Washington, D.C. — The Center for American Progress (CAP) and the Consumer Federation of America (CFA) today released a joint report recommending that the SEC develop and maintain climate and other environmental, social and governance disclosure standards itself rather than delegating such authority to one or more private third parties.

“This report offers a careful review of the SEC’s options regarding pathways to leverage external ESG standard setters,” said Dylan Bruce, Financial Services Counsel for Consumer Federation of America and a co-author of the report, “but in the end the clear consensus was that a standard setting process that is carried out internally by the Commission is the best avenue to ensure decision-useful standards for investors, and importantly, to produce a politically and legally durable ESG disclosure framework.”

“The SEC must write climate and other ESG rules itself in order to avoid the many legal risks of delegating standard setting authority to a third party,” said Alex Thornton, a co-author of the report. “Further, rules developed and maintained by the SEC are more likely to satisfy investors’ demands for information in a timely and fair manner.

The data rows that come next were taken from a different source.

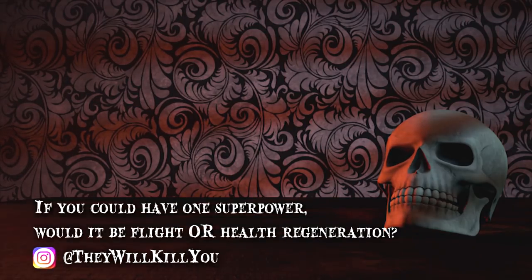So, if you could have one superpower, would it be flight or health regeneration? Let us know in the comments section below.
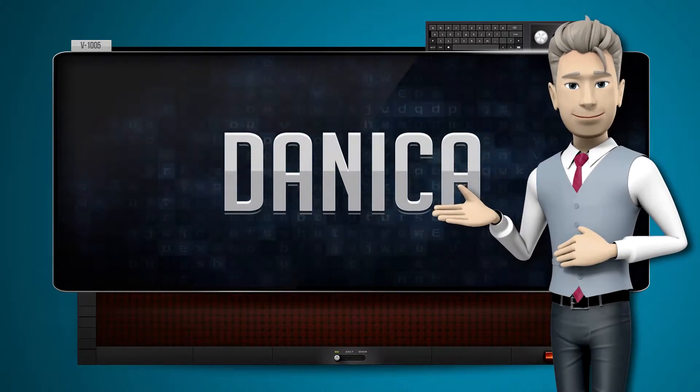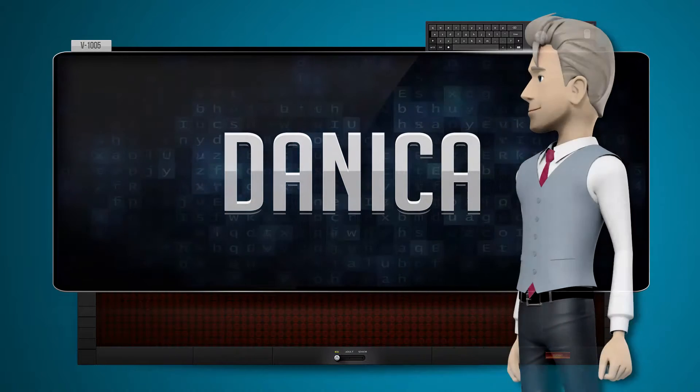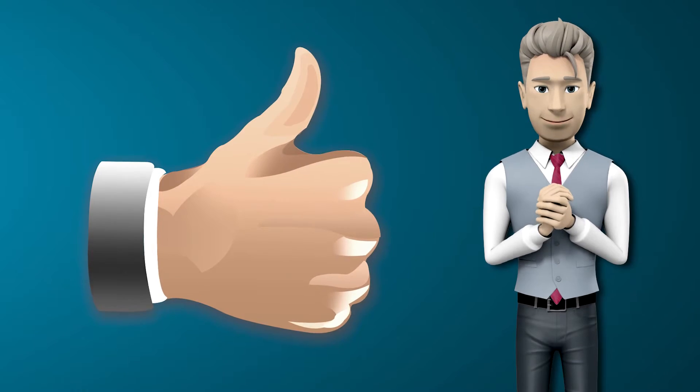Now you try it. Great job! Make sure you practice and don't forget to give us a thumbs up.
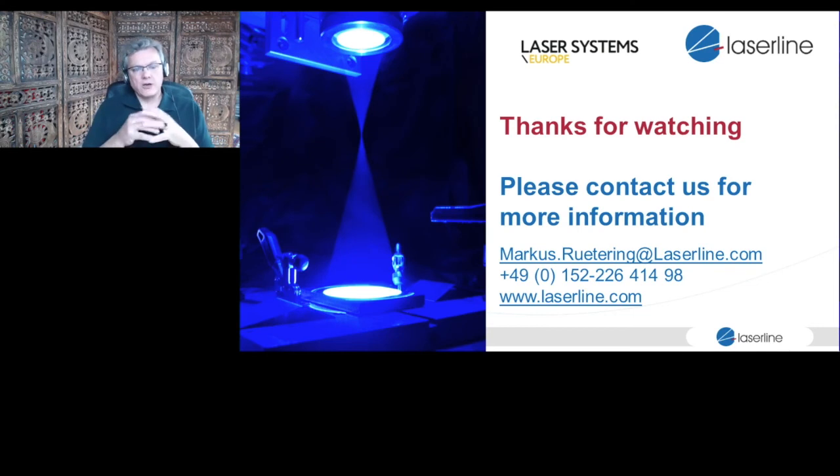Thanks for watching. Contact us for more information if anything is requested from your side, and thanks for the opportunity to be here.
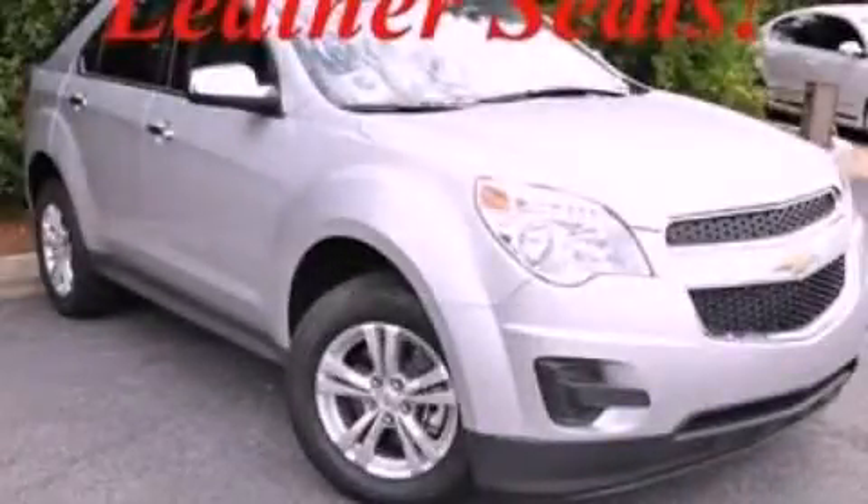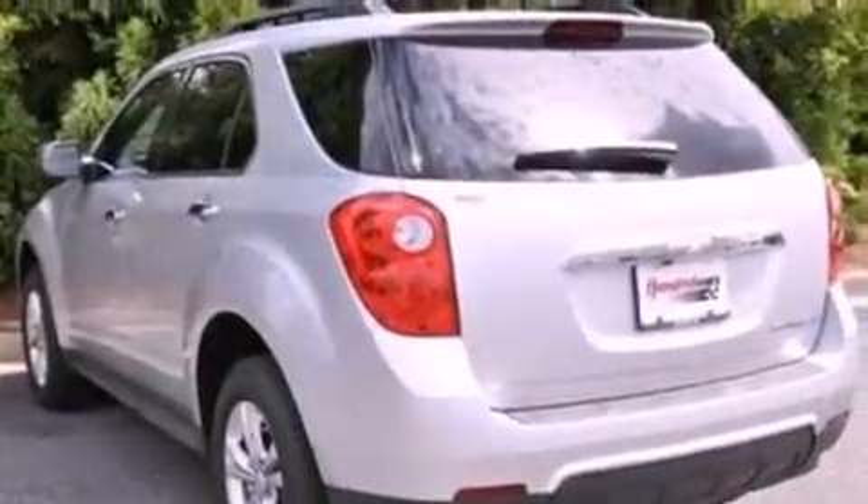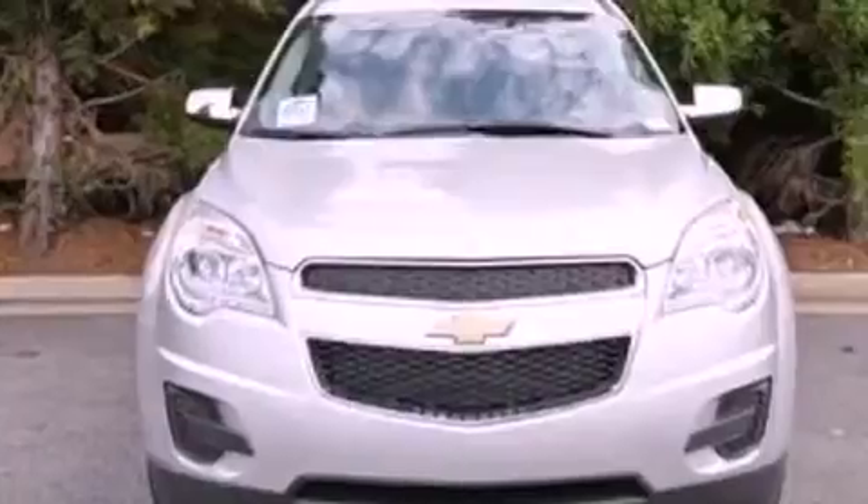This is a brand-new 2012 Chevrolet Equinox — functional utility for a modern lifestyle. It features a four-cylinder engine and a six-speed automatic transmission.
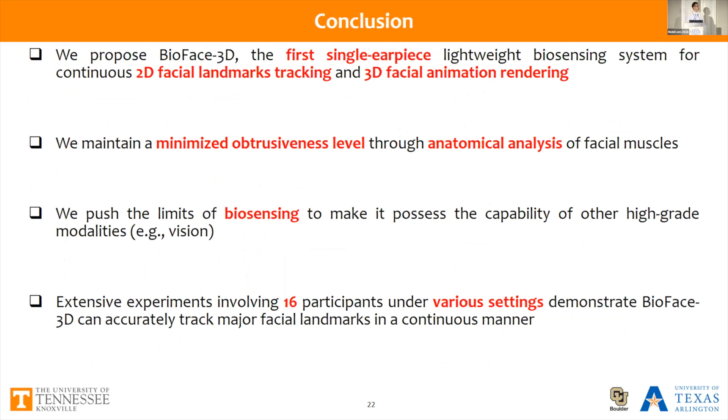In conclusion, we have proposed BioFace-3D, the first single-earpiece lightweight biosensing system for continuous 2D facial landmark tracking and 3D facial animation rendering. We maintain a minimal sensor count through anatomical analysis of facial muscles. We push the limits of biosensing to make it possess capabilities comparable to high-quality modalities such as vision. Our experiments on 16 participants across various scenarios demonstrate that our system can accurately track facial movements in a continuous manner within millimeter-level errors. Thanks for listening.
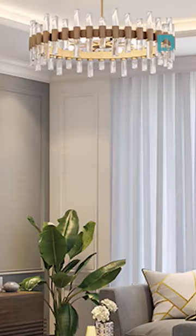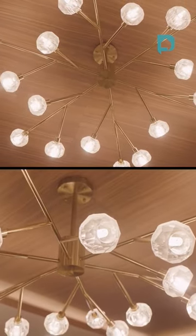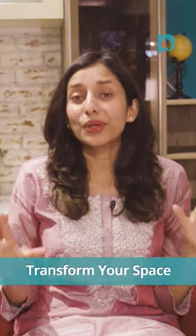Chandeliers. Every living or dining room in apartments comes with a ready point in the center of the hall for a chandelier or fan. Make good use of this point — add a fancy light fitting. This can instantly transform your entire space.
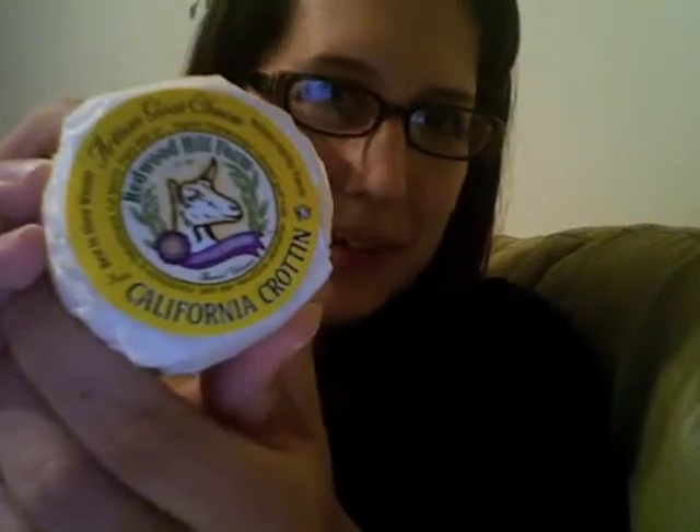It's October 18th, American Cheese Month, and I'm still trying to catch up on all the posts — not doing a great job. But I'm going to have a little cheese today. This is from Redwood Hill Farm in California, and this is a goat milk cheese. This cute little button is a style of cheese.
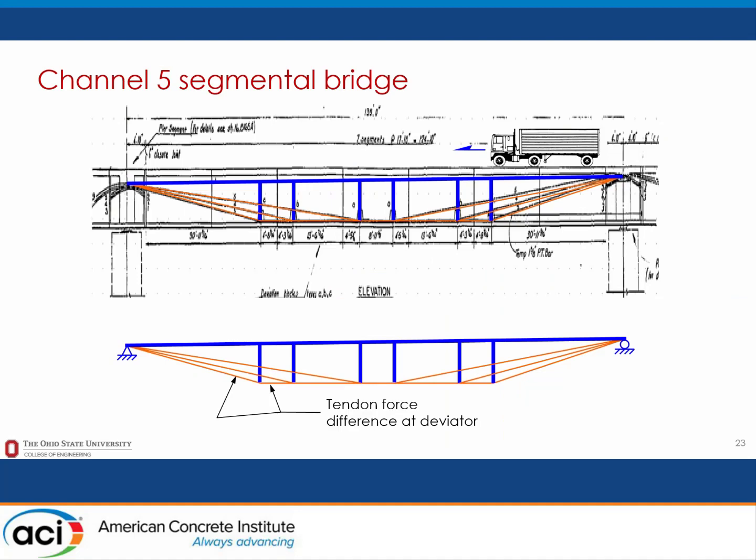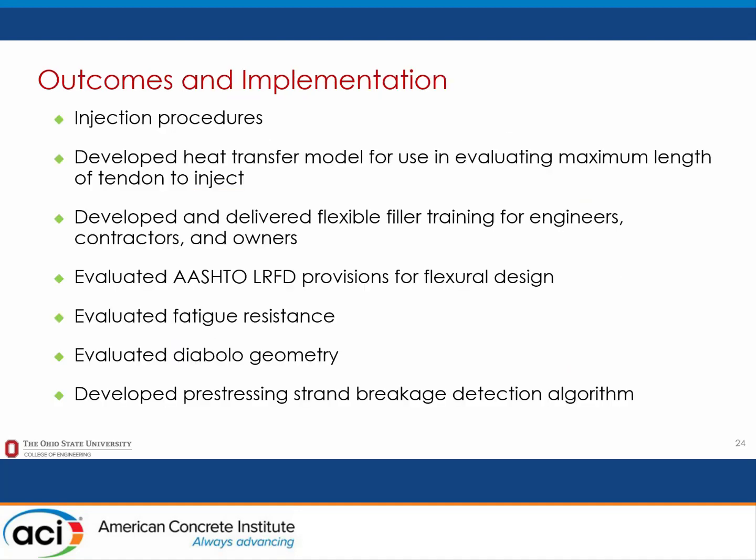Going back full circle, this is a very extreme test setup modeled after recommended test procedures that are not necessarily indicative of forces across any given deviator within a bridge prototype. A structural analysis calculation confirmed that tendon forces expected in a prototype bridge are well below what we tested in the lab. We got injection procedures from this project, evaluated AASHTO LRFD provisions for flexural strength and found areas needing further work, and evaluated the Diablo geometry for fatigue resistance.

It just makes sense for the SEC to write its own climate and other ESG standards.”

The primary question this report set out to answer was initially posed by then Acting SEC Chair Allison Herren Lee in her March 15, 2021, request for information on climate-related financial disclosure: “…whether the Commission should designate an external third party to carry out the function of establishing ESG-related disclosure standards.”

 The report reflects the thorough analysis of extensive comments filed in response to this question and identifies three principal variations on third party delegation that commenters advanced:

  • Full delegation of disclosure standard setting to an external third party, including updating of those standards;
  • Partial or hybrid delegation of standard setting in which the SEC would set core principles and designate compliance with one or more third-party standards as sufficient to meet reporting obligations; and
  • Incorporation by reference of existing third-party standards into the SEC’s own rules.

After reviewing these options side-by-side with relevant legal and policy precedents, as well as the agency’s own history of delegated standard setting, the report’s authors ultimately determined that none of these options were likely to be as effective or resilient as keeping the ESG standard setting process fully in-house with the SEC and its staff.

The report acknowledges that there is, and will continue to be, a critically important role for the private third parties that have heretofore been the key drivers of ESG disclosure frameworks, through both the continued development of standards above and beyond the SEC’s requirements and ongoing analysis and public comments on SEC-mandated ESG rules. 

The report was co-authored by Dylan Bruce, Financial Services Counsel for CFA; Tyler Gellasch, fellow at the Global Financial Markets Center at Duke University School of Law; Todd Phillips, director of financial regulation and corporate governance at CAP; and Alexandra Thornton, senior director of tax policy at CAP.